Commence par t'asseoir

A toi de choisir !

 

De grandes foules faisaient route avec Jésus ; il se retourna et leur dit : " Si quelqu'un vient à moi sans me préférer à son père, sa mère, sa femme, ses enfants, ses frères et sœurs, et même à sa propre vie, il ne peut pas être mon disciple. Celui qui ne porte pas sa croix et ne marche pas à ma suite, ne peut pas être mon disciple.

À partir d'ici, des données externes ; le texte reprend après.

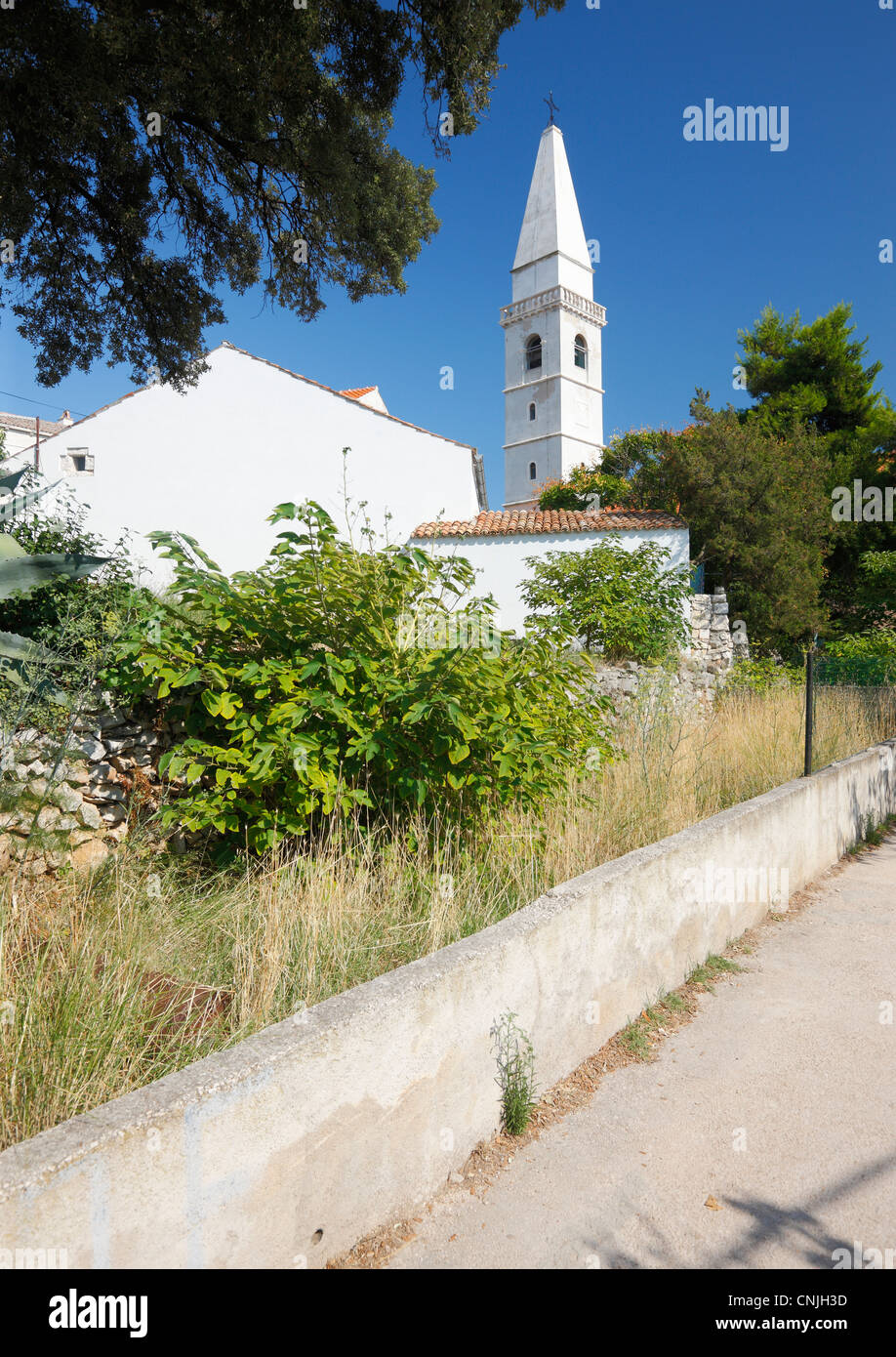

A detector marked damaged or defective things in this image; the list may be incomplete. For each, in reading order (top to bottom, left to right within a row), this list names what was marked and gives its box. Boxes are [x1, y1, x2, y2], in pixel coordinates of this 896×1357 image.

cracked concrete surface [390, 836, 896, 1270]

Quel est celui d'entre vous, qui veut bâtir une tour, et qui ne commence pas par s'asseoir pour calculer la dépense et voir s'il a de quoi aller jusqu'au bout ? Car, s'il pose les fondations et ne peut pas achever, tous ceux qui le verront se moqueront de lui : 'Voilà un homme qui commence à bâtir et qui ne peut pas achever !' Et quel est le roi qui part en guerre contre un autre roi, et qui ne commence pas par s'asseoir pour voir s'il peut, avec dix mille hommes, affronter l'autre qui vient l'attaquer avec vingt mille ? S'il ne le peut pas, il envoie, pendant que l'autre est encore loin, une délégation pour demander la paix. De même, celui d'entre vous qui ne renonce pas à tous ses biens, ne peut pas être mon disciple. "

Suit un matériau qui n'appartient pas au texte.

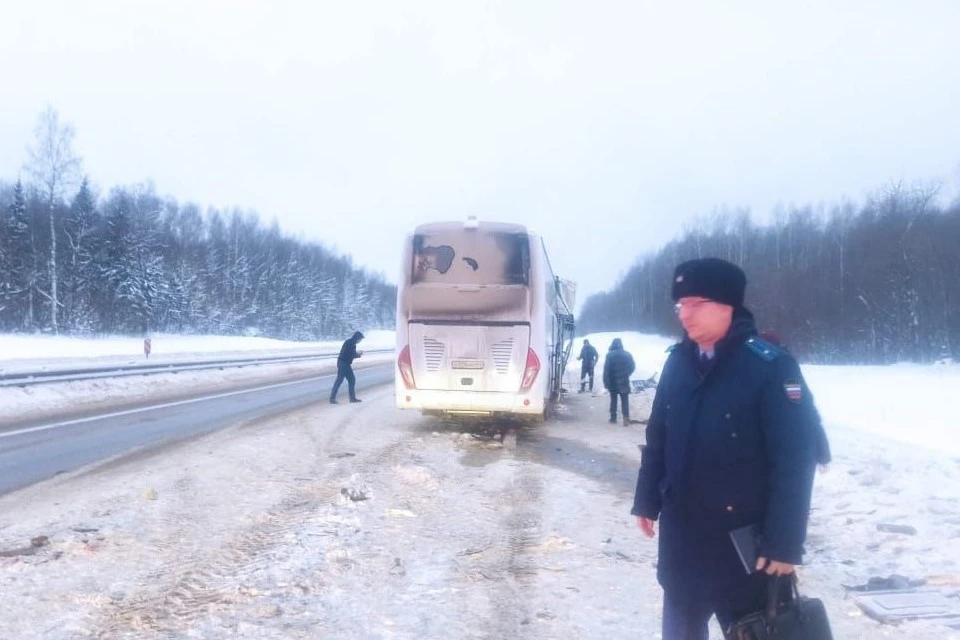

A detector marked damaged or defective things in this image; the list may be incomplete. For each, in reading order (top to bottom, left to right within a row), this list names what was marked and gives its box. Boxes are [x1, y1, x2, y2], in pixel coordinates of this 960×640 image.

damaged white bus [394, 218, 572, 422]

Évangile de Jésus Christ selon saint Luc 14, 25-33

VINGT-TROISIEME DIMANCHE ORDINAIRE (C)

oOo

L'enjeu ?

Il vaut mieux être assis, aujourd'hui, pour recevoir les paroles provocantes que Jésus nous adresse. Il vaut mieux être assis, pour évaluer ce que cela pourrait nous coûter de le suivre inconditionnellement. Il vaut mieux être assis pour envisager les risques de la guerre qu'il il nous invite à déclarer. Mais, d'abord, est-ce que nous sommes bien conscients de l'enjeu ?

"De grandes foules faisaient route avec Jésus". Sur la route de Jérusalem, si les grandes foules avaient su que Jésus allait à Jérusalem pour y mourir, chacun sans doute serait bien vite rentré chez soi. La plupart étaient dans l'inconscience de ce qui se tramait. Les gens voulaient bien le suivre tant que cela ne faisait pas mal. Quant à aller plus loin ! Ils suivaient, physiquement, si l'on peut dire, mais pas "en esprit". Il y avait même divorce entre ce qu'ils rêvaient et ce que Jésus savait. Ils rêvaient, certes, d'un monde nouveau, que le Christ allait inaugurer. Peut-être grâce à une révolution. Mais ils ne savaient pas les moyens que le Christ allait prendre pour inaugurer ce monde nouveau. Jésus, lui, savait ce qui l'attendait au bout de la route ; et il en savait les enjeux. Sa croix signifierait que l'amour exige de subir la violence plutôt que d'y répondre par une nouvelle violence. Que l'ultime vérité de l'homme est l'amour, et qu'il n'y a pas d'amour si l'on ne se donne pas totalement. Le "langage de la croix" est difficile à entendre.

A chacun de décider

Nous aussi, dans l'Église, nous suivons le Christ, mais peut-être pas en acceptant de le suivre "jusqu'à la croix". C'est pourquoi, sur la route de Jérusalem, Jésus s'arrête, se retourne vers la foule qui suit - vers nous aujourd'hui - pour nous enlever toutes nos illusions. Au fond, peut-être, nous ne tenons à lui que pour ce que nous pouvons en retirer, pour ce que nous y gagnons. Jésus nous met au pied du mur avec des paroles extrêmement dures. Là il faudra s'engager, choisir, lier notre destin au sien. Jésus aujourd'hui pose à chacun de nous une question essentielle : quelle est la qualité de votre adhésion à mon message ? Nous comprenons maintenant que cela vaut le coup de s'asseoir pour faire une évaluation.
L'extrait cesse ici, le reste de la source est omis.